World briefs

NORTH KOREA has conducted a ground test of a new type of high-thrust rocket engine that leader Kim Jong Un is calling a revolutionary breakthrough for the country’s space program, the North’s state media said yesterday. Kim called the test “a great event of historic significance” for the country’s indigenous rocket industry, the KCNA report said.

PHILIPPINES President Rodrigo Duterte said yesterday that he would not be intimidated by an impeachment complaint and threats of an international lawsuit for his anti-drug crackdown and added that he’d rather have criminals dead even in the “thousands or billions” if they threaten law enforcers than see his men killed.

MYANMAR Four men accused of involvement in the murder of a top legal adviser to Myanmar leader Aung San Suu Kyi’s ruling party appeared in a Yangon court on Friday to hear the charges against them. Three of the suspects are former army officers, fueling speculation the military was involved with the crime — an accusation it denies.

JAPAN The government held its first-ever drill Friday to protect citizens in case a ballistic missile is launched toward Japan. More than 100 residents were warned by loudspeakers of a possible missile threat and urged to seek shelter indoors because missile parts might fall. 

RUSSIA About 4,000 people have demonstrated in St. Petersburg to protest the handover of the city’s landmark St. Isaac’s Cathedral to the control of the Russian Orthodox Church, which they see as a leader of social conservatism.

MALDIVES The Maldives’ government said Friday that Saudi Arabia’s king has postponed an official visit because of the spread of swine flu in the archipelago nation.
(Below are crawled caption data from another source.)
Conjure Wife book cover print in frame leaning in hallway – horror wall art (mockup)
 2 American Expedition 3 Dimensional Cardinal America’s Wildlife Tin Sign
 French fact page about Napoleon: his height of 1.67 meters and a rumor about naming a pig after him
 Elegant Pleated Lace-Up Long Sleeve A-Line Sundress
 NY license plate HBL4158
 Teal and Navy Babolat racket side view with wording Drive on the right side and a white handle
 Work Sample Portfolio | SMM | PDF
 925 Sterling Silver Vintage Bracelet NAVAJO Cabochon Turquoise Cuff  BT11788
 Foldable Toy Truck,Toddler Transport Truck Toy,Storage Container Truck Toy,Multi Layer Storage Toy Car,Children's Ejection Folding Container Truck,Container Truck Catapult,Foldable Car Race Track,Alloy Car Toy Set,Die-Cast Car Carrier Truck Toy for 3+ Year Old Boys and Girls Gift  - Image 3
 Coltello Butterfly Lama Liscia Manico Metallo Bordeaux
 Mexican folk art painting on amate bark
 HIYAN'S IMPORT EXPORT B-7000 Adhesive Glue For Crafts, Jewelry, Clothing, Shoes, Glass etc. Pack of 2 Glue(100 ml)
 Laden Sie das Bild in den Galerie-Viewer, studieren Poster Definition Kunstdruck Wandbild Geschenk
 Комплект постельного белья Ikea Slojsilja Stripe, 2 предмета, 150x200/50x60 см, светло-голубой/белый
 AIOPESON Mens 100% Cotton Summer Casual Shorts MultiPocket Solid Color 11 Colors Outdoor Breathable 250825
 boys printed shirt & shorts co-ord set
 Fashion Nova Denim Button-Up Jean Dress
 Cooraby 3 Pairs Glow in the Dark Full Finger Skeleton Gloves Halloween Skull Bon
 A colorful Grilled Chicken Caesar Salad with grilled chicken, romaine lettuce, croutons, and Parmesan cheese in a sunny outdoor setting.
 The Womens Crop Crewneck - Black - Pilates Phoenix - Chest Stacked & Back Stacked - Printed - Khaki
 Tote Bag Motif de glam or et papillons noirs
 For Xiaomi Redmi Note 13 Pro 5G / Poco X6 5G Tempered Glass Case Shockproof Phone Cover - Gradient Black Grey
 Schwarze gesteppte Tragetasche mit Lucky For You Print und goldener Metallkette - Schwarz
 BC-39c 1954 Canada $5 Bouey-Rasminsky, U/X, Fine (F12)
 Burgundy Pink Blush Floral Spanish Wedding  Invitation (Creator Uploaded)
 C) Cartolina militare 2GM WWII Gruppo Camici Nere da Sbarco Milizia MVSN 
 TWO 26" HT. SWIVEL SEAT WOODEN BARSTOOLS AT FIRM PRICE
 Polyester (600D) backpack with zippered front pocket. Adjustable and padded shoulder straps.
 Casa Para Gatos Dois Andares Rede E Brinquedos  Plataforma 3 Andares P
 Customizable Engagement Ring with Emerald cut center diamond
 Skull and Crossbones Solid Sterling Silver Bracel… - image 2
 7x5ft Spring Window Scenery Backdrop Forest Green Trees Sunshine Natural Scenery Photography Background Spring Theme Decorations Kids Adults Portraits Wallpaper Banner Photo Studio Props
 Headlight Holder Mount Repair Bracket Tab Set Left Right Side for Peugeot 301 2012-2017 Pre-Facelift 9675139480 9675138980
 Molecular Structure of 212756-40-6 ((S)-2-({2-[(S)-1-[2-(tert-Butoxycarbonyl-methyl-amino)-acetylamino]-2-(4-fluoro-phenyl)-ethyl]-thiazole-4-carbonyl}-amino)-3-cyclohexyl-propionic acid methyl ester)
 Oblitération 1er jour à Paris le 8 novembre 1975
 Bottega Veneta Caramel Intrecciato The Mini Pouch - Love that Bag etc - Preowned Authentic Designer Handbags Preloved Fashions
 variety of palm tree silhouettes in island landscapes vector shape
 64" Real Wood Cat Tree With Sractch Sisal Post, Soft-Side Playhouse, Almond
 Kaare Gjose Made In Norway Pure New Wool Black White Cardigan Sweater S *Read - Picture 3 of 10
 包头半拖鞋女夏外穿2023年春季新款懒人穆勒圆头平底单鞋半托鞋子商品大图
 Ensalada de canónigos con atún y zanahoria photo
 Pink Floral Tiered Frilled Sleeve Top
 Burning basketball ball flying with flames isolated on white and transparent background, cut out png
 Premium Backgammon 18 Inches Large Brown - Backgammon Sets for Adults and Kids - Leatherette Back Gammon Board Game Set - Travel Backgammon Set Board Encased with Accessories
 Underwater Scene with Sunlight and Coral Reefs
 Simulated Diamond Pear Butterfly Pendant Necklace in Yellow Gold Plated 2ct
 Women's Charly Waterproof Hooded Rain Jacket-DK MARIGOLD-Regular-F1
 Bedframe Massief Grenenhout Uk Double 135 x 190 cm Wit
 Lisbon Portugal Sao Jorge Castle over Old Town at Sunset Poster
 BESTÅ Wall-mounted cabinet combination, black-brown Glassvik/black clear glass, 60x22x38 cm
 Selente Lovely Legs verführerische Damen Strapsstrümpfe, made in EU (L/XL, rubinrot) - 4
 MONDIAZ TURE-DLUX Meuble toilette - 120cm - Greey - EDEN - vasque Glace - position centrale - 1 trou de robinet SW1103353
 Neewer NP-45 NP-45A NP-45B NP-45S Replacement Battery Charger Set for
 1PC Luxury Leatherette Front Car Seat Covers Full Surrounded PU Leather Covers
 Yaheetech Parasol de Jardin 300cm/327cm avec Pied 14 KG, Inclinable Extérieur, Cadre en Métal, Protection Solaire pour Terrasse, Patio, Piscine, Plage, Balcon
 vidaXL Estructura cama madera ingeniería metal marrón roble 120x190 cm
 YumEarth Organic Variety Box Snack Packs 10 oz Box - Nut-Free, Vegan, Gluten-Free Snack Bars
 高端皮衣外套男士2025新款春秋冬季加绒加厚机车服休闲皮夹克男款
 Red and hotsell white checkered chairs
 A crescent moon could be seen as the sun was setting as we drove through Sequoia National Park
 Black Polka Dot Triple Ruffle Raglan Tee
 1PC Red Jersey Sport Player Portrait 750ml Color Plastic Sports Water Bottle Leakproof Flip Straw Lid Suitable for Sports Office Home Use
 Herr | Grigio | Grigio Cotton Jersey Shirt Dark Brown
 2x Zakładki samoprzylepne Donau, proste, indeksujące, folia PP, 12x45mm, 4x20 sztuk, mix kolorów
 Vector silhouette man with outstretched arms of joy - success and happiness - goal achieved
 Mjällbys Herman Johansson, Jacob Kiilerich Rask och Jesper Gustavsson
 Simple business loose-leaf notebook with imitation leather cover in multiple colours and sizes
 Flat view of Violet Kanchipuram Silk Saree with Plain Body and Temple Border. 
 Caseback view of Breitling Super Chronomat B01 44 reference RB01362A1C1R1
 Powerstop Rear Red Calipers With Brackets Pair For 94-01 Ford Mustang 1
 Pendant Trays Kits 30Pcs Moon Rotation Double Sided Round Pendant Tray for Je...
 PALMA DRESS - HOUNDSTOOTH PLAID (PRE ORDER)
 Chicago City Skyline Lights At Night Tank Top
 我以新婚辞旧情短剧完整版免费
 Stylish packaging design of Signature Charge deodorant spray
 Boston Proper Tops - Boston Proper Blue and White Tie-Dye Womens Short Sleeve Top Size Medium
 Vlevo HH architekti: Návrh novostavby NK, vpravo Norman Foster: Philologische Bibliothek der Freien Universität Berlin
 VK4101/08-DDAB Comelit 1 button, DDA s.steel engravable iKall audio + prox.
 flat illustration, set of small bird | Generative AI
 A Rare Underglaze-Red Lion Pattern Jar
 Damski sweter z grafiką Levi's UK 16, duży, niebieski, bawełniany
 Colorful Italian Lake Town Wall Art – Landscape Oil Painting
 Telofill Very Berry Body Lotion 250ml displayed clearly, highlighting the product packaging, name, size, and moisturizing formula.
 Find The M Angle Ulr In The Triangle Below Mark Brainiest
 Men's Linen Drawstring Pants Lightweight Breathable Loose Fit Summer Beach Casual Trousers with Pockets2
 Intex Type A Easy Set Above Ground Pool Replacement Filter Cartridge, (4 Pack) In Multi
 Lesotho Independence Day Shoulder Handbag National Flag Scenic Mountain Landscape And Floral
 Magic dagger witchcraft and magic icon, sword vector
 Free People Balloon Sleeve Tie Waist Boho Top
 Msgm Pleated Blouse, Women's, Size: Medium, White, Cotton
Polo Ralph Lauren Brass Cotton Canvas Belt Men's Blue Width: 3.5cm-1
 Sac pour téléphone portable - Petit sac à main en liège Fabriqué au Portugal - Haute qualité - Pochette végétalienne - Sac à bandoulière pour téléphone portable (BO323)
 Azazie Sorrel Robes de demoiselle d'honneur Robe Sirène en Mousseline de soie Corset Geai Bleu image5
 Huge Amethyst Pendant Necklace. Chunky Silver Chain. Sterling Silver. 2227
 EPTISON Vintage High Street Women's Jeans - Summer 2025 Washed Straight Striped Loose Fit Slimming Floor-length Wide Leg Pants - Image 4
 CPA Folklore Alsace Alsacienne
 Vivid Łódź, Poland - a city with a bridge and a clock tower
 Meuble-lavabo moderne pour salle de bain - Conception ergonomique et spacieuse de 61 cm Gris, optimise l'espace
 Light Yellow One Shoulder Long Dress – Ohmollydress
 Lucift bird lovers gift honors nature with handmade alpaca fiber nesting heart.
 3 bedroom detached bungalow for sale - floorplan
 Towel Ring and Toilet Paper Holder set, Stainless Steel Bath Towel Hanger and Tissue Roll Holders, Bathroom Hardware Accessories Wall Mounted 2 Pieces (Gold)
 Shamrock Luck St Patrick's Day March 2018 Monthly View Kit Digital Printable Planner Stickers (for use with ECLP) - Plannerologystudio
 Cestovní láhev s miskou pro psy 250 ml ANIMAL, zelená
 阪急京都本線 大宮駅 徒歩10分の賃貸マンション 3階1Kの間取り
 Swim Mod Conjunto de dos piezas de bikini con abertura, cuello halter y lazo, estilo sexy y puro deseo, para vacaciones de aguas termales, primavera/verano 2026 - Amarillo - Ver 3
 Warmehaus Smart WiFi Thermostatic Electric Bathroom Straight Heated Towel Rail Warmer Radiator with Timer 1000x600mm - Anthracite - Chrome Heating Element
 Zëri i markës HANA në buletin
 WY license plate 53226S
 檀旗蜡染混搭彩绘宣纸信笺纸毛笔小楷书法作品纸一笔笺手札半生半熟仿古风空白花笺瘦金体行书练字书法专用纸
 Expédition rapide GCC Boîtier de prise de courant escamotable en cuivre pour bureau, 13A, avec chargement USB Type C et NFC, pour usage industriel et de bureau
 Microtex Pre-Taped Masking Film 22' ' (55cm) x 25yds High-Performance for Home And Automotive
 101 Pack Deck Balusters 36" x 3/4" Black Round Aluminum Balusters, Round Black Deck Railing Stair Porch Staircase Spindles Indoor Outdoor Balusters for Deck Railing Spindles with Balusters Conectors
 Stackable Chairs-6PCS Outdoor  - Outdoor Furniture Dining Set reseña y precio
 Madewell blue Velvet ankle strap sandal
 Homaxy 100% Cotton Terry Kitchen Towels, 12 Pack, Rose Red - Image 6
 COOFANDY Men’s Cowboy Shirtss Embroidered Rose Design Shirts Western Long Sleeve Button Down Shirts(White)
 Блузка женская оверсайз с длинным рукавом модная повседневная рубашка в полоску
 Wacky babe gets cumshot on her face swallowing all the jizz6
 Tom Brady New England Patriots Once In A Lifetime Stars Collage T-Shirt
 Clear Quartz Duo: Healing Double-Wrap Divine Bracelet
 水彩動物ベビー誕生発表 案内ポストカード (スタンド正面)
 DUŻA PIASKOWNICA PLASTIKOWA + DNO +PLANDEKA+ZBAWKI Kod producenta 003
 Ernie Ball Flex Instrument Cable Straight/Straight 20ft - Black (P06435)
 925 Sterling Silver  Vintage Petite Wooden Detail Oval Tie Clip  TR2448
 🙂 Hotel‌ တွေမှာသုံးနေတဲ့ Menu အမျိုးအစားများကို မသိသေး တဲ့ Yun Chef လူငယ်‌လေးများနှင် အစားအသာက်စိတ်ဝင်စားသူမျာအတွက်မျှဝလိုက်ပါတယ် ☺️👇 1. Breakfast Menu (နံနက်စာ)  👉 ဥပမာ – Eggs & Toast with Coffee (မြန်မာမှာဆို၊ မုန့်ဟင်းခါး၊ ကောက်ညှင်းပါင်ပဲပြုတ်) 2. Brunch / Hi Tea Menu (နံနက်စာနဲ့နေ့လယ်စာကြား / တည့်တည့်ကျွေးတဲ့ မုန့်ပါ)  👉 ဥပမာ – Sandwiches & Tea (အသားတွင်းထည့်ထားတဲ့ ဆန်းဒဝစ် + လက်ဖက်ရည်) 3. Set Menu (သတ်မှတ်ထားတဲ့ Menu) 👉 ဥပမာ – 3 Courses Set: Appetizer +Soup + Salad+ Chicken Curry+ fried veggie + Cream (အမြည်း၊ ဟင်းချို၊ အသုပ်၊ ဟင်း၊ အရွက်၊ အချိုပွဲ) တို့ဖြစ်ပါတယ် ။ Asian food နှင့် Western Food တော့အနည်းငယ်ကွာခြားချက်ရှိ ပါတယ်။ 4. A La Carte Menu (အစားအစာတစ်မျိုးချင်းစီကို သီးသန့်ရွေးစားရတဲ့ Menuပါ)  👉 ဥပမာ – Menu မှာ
ITALY’s president, whose brother was murdered by Cosa Nostra, traveled on Sunday to an organized crime stronghold to honor hundreds of Italians slain by the country’s crime clans over the past decades. President Sergio Mattarella also praised the judges, prosecutors, police officers, union leaders, businessmen and politicians who courageously combatted or denounced organized crime.

PERU The intense rains, overflowing rivers, mudslides and flooding being experienced in the country are the worst seen in two decades, Peruvian authorities said Saturday, affecting more than half the nation as the death toll since the beginning of the year hit 72.